(Records supplied begins)

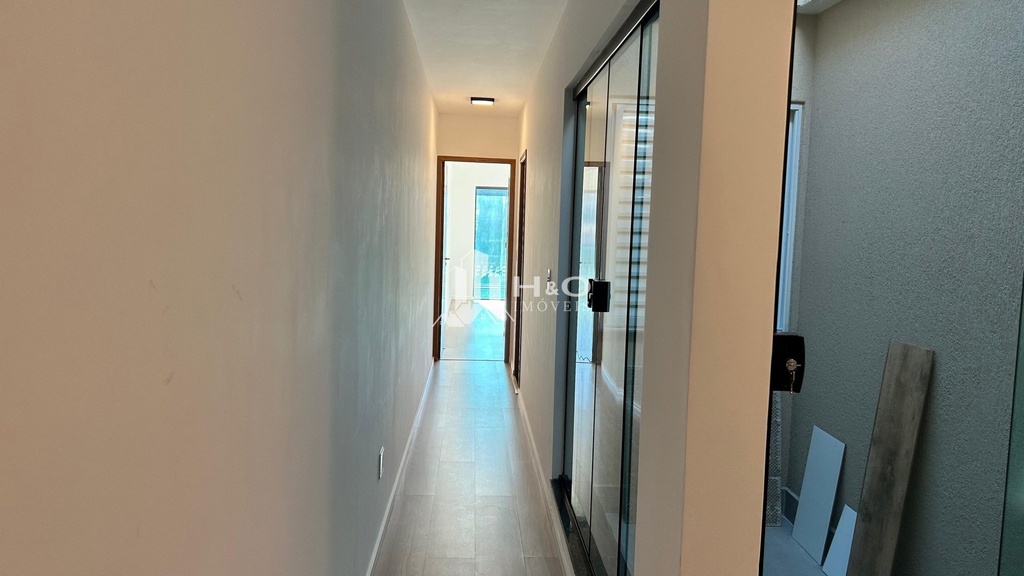 residential-/-sobrado-3-quartos-135m2-cidade-lider-sao-paulo-sp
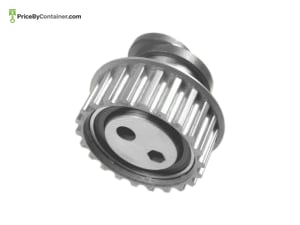 LEMFORDER 11311721245 — LEMFORDER PULLEY TIMING BELT 1042701 / 11311721245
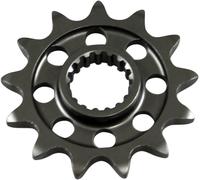 Pignone RENTHAL 496U-520-13GP 520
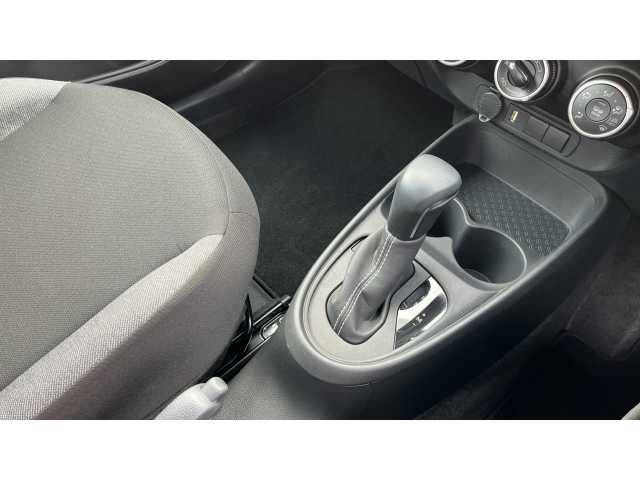 Toyota Aygo X AYGO X 1.0 VVT-i Pure 5dr Auto 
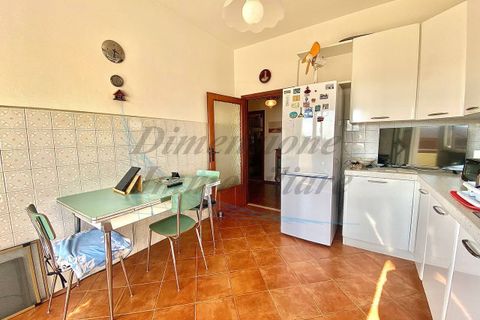 Lejlighed i Rosignano Marittimo, Livorno, Rosignano Marittimo - € 195.000 | Ref: C1031 - foto 9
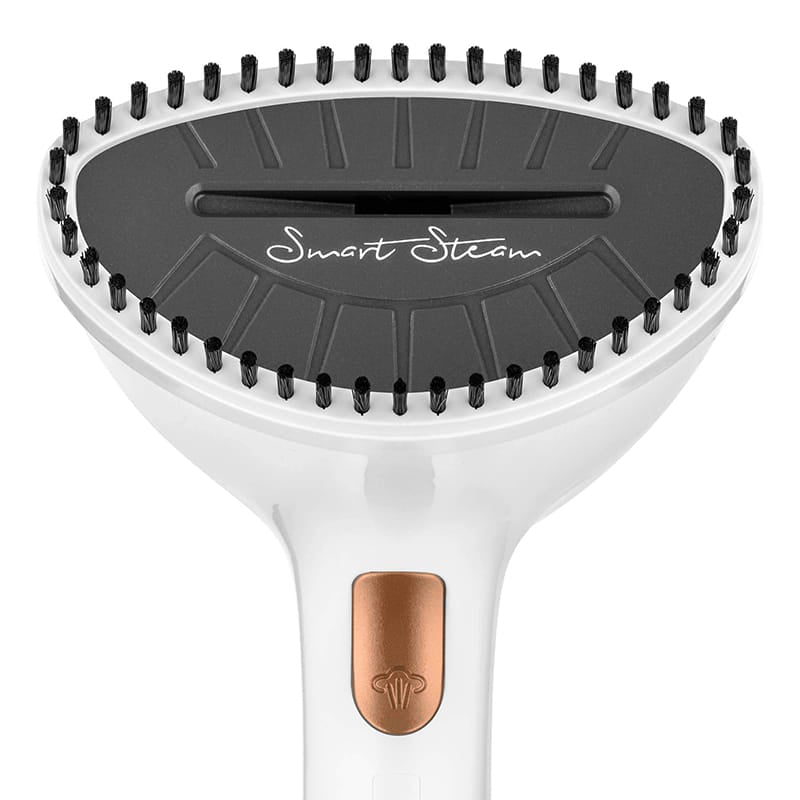 Sencor STEAMER TESATURI 1600W SENCOR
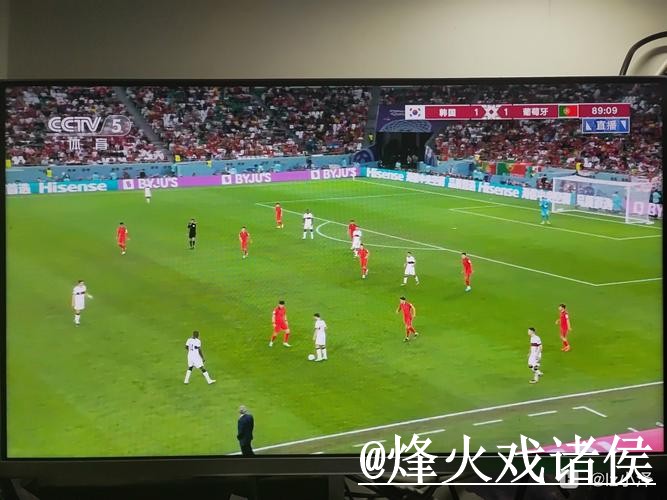 2026世界杯在线直播常见误区,赛前进入和备用网址别弄错 2026世界杯在线直播常见误区,赛前进入和备用网址别弄错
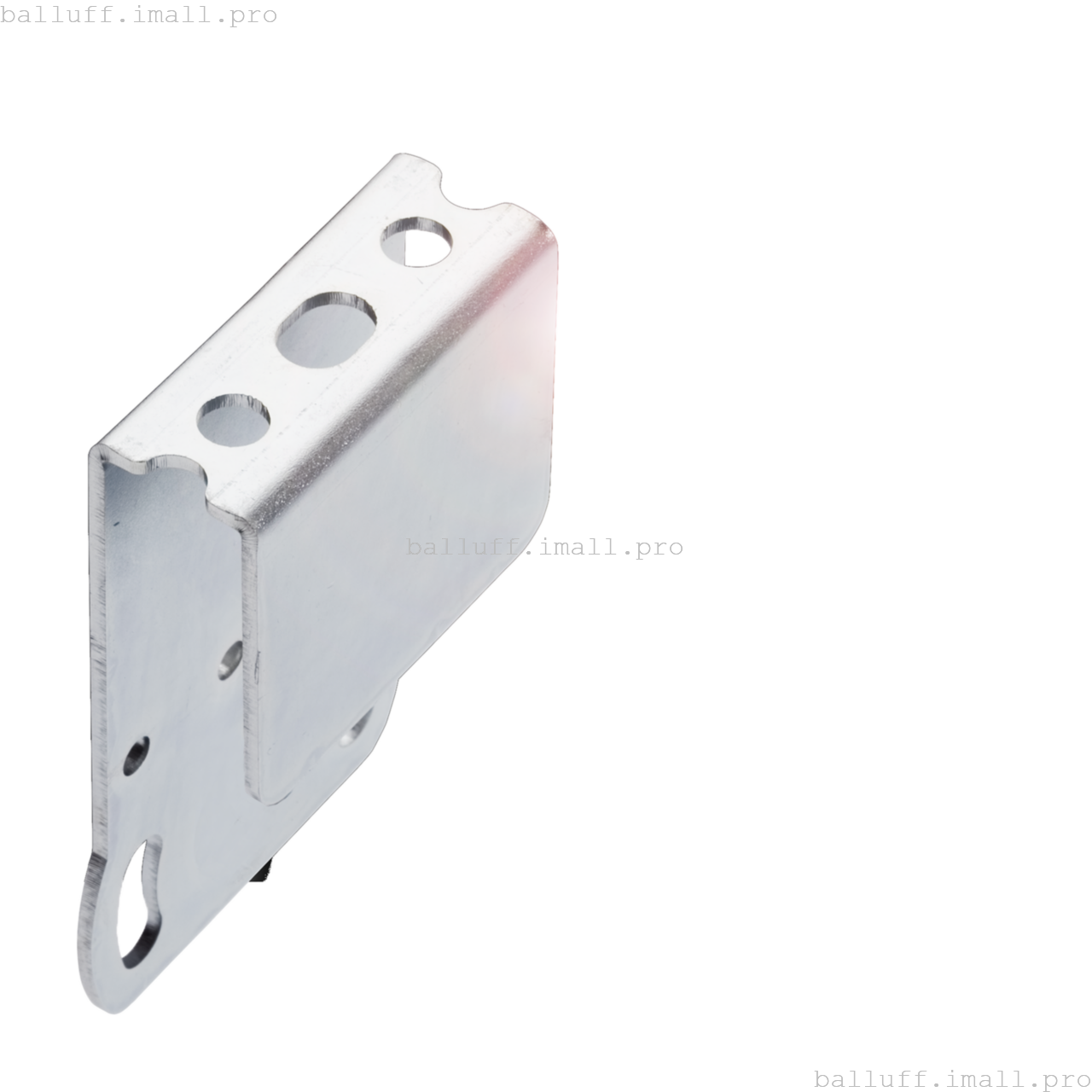 BAM00TE BOS 21-HW-4 BALLUFF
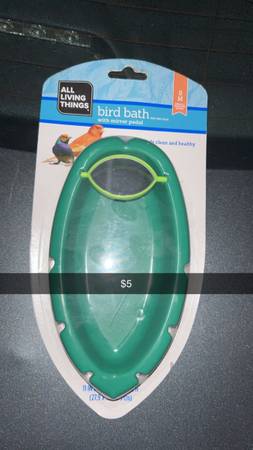 Pet items63908215754626124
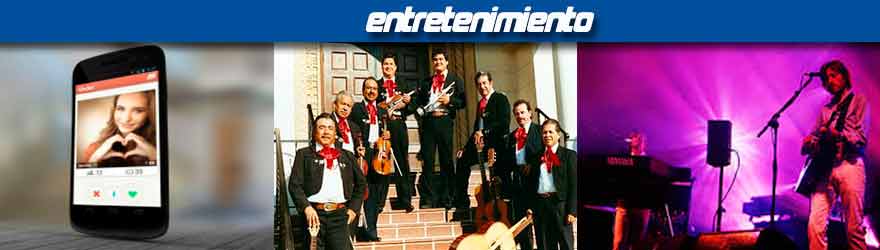 Imagen responsive img-thumbnail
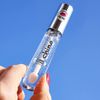 Extreme Shine Volume 01 Crystal Clear ESSENCE Women's Lip Gloss/Glossy Applicator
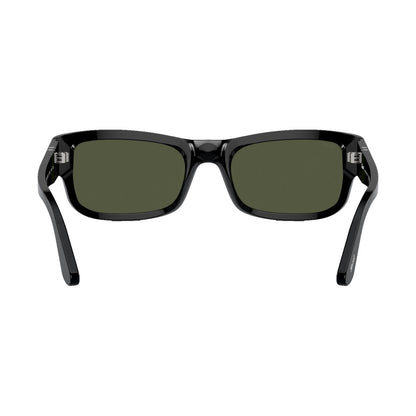 Persol 3326S | Occhiali da sole unisex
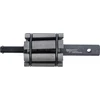 IŠMETIMO VAMZDŽIO PLĖSTUVAS | 38–64 MM (120)
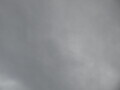 [空]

(Records supplied ends)

## Your goal
The answer must be a word-for-word copy of all the entries, containing no pictures.

## Answer below
 residential-/-sobrado-3-quartos-135m2-cidade-lider-sao-paulo-sp
 LEMFORDER 11311721245 — LEMFORDER PULLEY TIMING BELT 1042701 / 11311721245
 Pignone RENTHAL 496U-520-13GP 520
 Toyota Aygo X AYGO X 1.0 VVT-i Pure 5dr Auto 
 Lejlighed i Rosignano Marittimo, Livorno, Rosignano Marittimo - € 195.000 | Ref: C1031 - foto 9
 Sencor STEAMER TESATURI 1600W SENCOR
 2026世界杯在线直播常见误区,赛前进入和备用网址别弄错 2026世界杯在线直播常见误区,赛前进入和备用网址别弄错
 BAM00TE BOS 21-HW-4 BALLUFF
 Pet items63908215754626124
 Imagen responsive img-thumbnail
 Extreme Shine Volume 01 Crystal Clear ESSENCE Women's Lip Gloss/Glossy Applicator
 Persol 3326S | Occhiali da sole unisex
 IŠMETIMO VAMZDŽIO PLĖSTUVAS | 38–64 MM (120)
 [空]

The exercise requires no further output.